_DATA_:
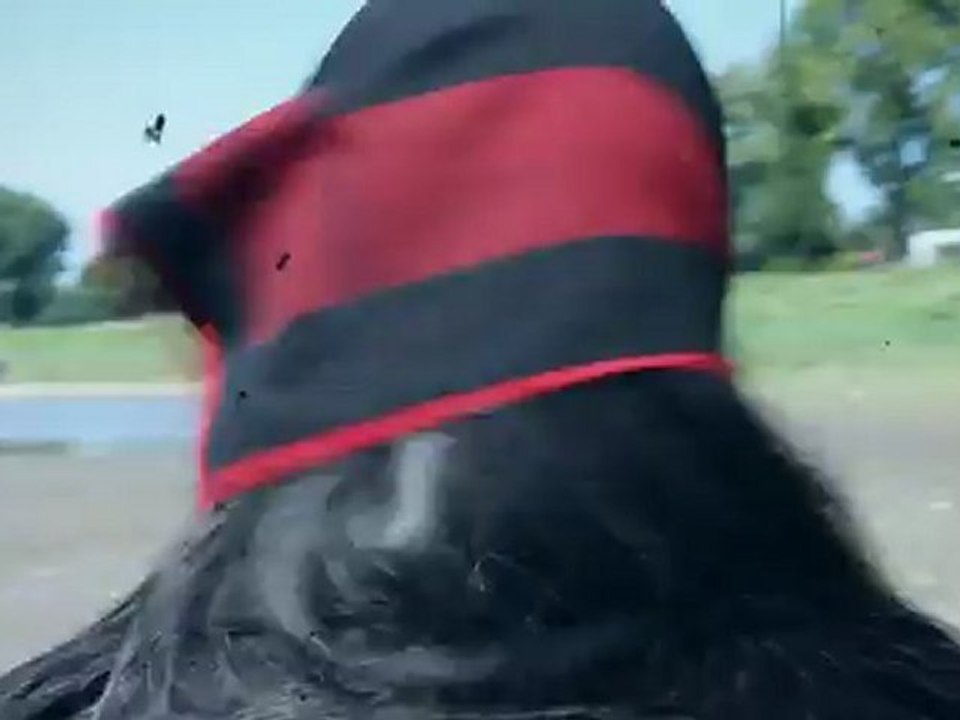 Oxidox - cheshm khomar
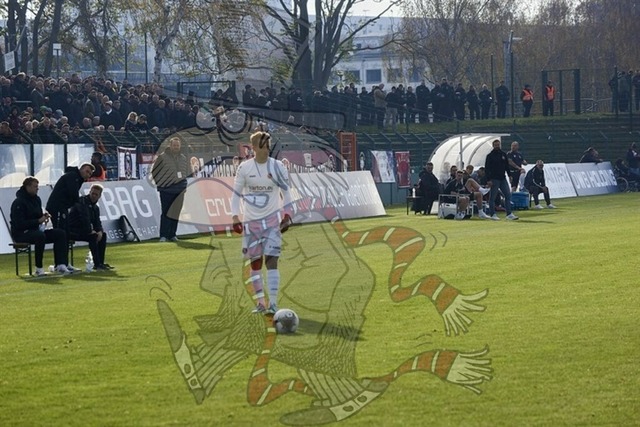 BFC Dynamo vs. FC Energie Cottbus  041 | mythos-online-redaktion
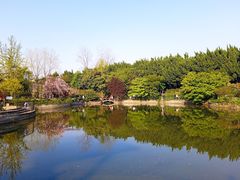-嘉定紫藤园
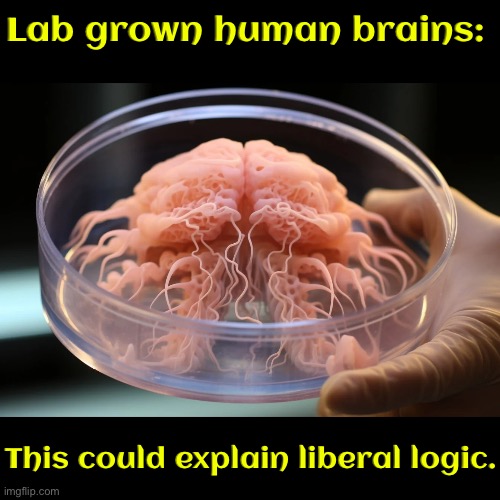 Lab Grown Brains | Lab grown human brains:; This could explain liberal logic. | image tagged in brains,eugenics,liberal logic,robots,brainwashed,cyborg | made w/ Imgflip meme maker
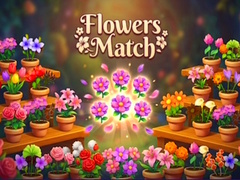 Тоглоом Flowers Match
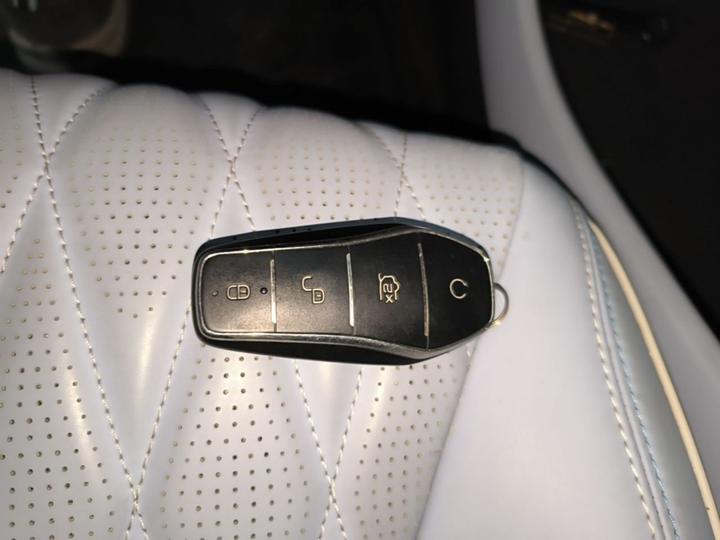 Seal 2022 550km Standard Range RWD Premium photo 8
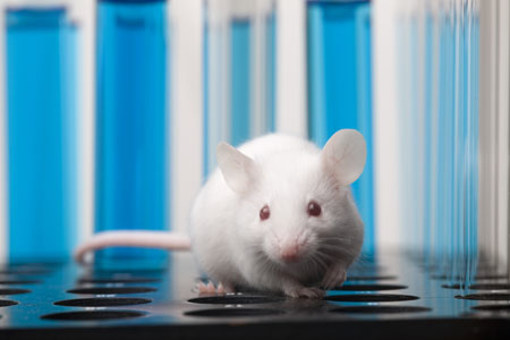 New Regulatory Considerations For Animal Testing And The Consequences For Drug Product Formulation Development Laboratory-Mouse-GettyImages-172267826
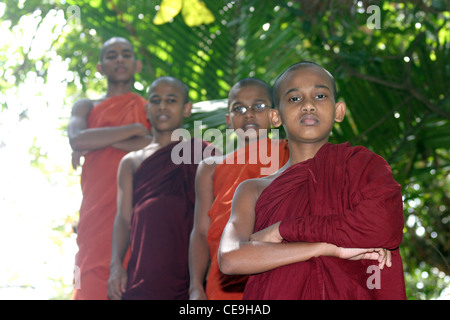 Vier junge buddhistische Mönche standen zusammen unter den Bäumen Stockfoto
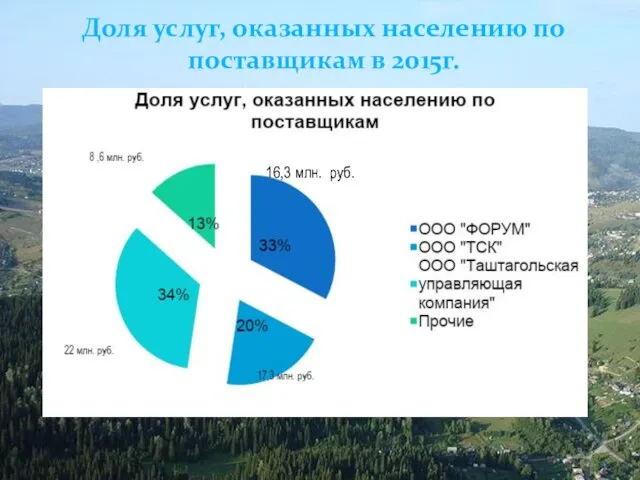Доля услуг, оказанных населению по поставщикам в 2015г. 16,3 млн. руб.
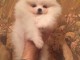 Disponible de suite Chiots Spitz Nain Pom&eacute;ranien
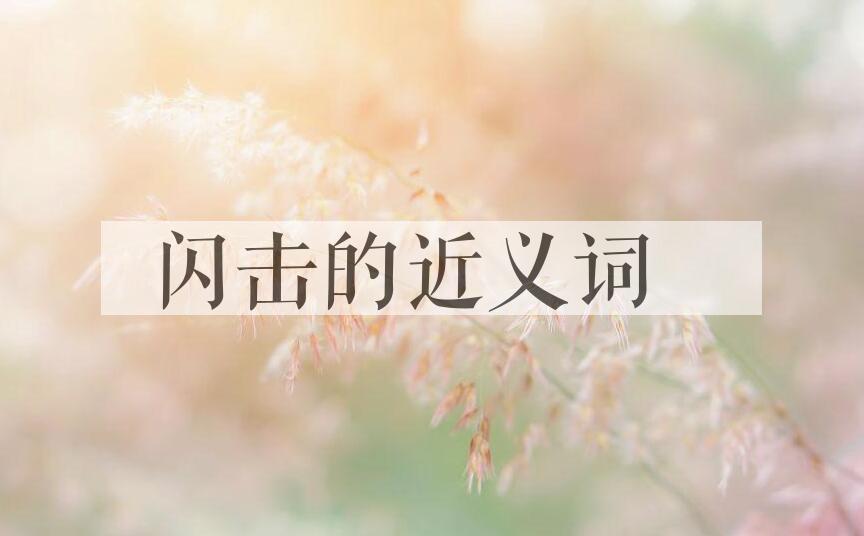 用闪击造句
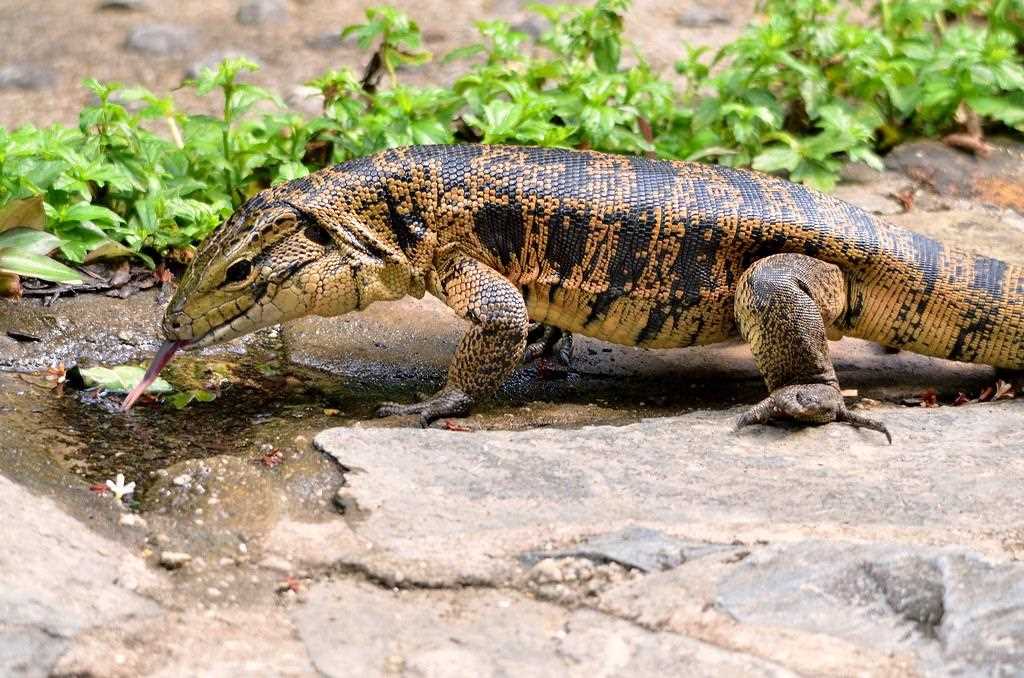 Common Health Issues in Colombian Tegu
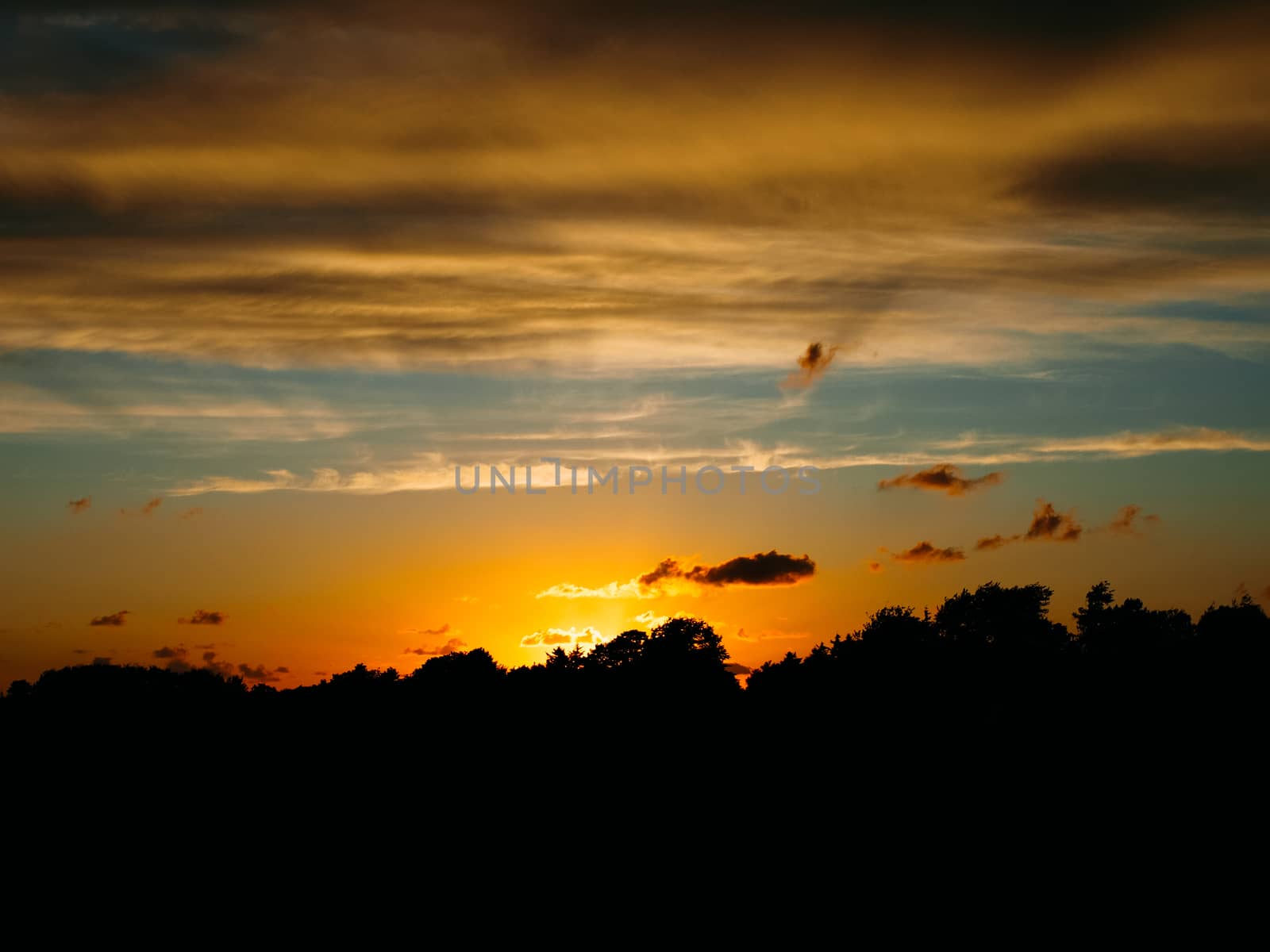 Silhouette of grass in sunset and clouds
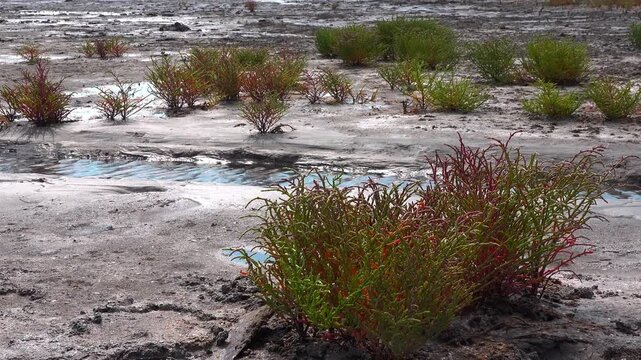 Kuialnyk Estuary, common glasswort Salicornia europaea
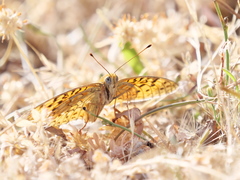 Argynnis niobe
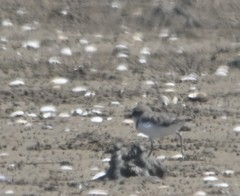 Charadrius alexandrinus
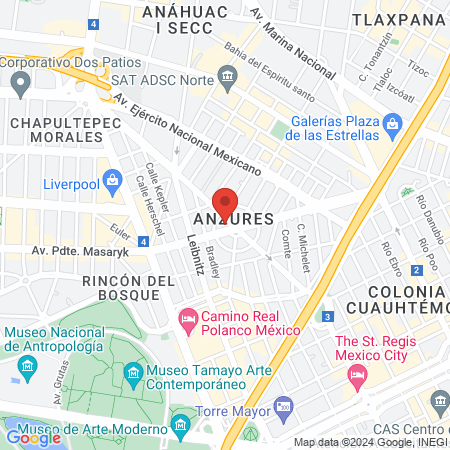 Dr. Adela Viveros Añorve map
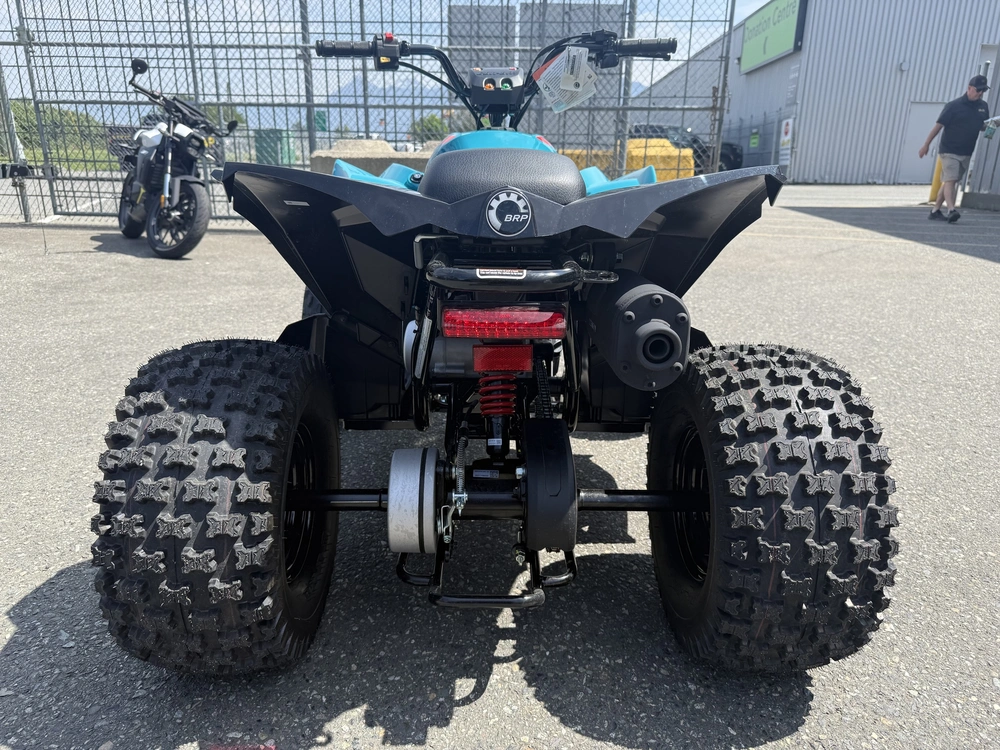 2026 Can-am Renegade 110 Efi alt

_WHAT YOU ARE ASKED TO DO_:
Print verbatim every line above, apart from the pictures.

_EXPECTED ANSWER_:
 Oxidox - cheshm khomar
 BFC Dynamo vs. FC Energie Cottbus  041 | mythos-online-redaktion
-嘉定紫藤园
 Lab Grown Brains | Lab grown human brains:; This could explain liberal logic. | image tagged in brains,eugenics,liberal logic,robots,brainwashed,cyborg | made w/ Imgflip meme maker
 Тоглоом Flowers Match
 Seal 2022 550km Standard Range RWD Premium photo 8
 New Regulatory Considerations For Animal Testing And The Consequences For Drug Product Formulation Development Laboratory-Mouse-GettyImages-172267826
 Vier junge buddhistische Mönche standen zusammen unter den Bäumen Stockfoto
Доля услуг, оказанных населению по поставщикам в 2015г. 16,3 млн. руб.
 Disponible de suite Chiots Spitz Nain Pom&eacute;ranien
 用闪击造句
 Common Health Issues in Colombian Tegu
 Silhouette of grass in sunset and clouds
 Kuialnyk Estuary, common glasswort Salicornia europaea
 Argynnis niobe
 Charadrius alexandrinus
 Dr. Adela Viveros Añorve map
 2026 Can-am Renegade 110 Efi alt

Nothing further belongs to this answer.